Reproduce word for word the lines between those holding "Spigen Slim Armor" and "Checkered Polka Dot", inclusive, and nothing else from the data below.

Source material Block Start

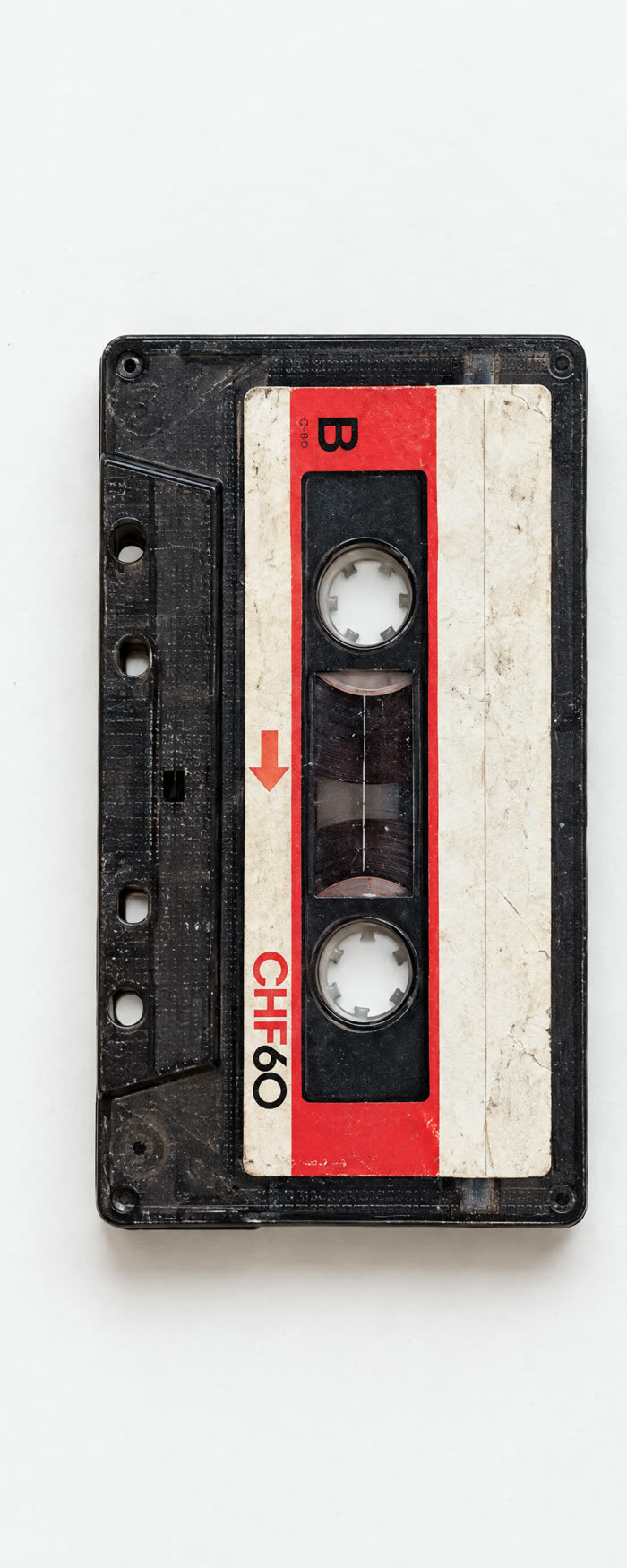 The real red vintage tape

Source material Block End
Source material Block Start

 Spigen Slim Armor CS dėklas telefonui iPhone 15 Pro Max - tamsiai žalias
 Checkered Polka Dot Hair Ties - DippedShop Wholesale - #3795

Source material Block End

Solution for this task:
 Spigen Slim Armor CS dėklas telefonui iPhone 15 Pro Max - tamsiai žalias
 Checkered Polka Dot Hair Ties - DippedShop Wholesale - #3795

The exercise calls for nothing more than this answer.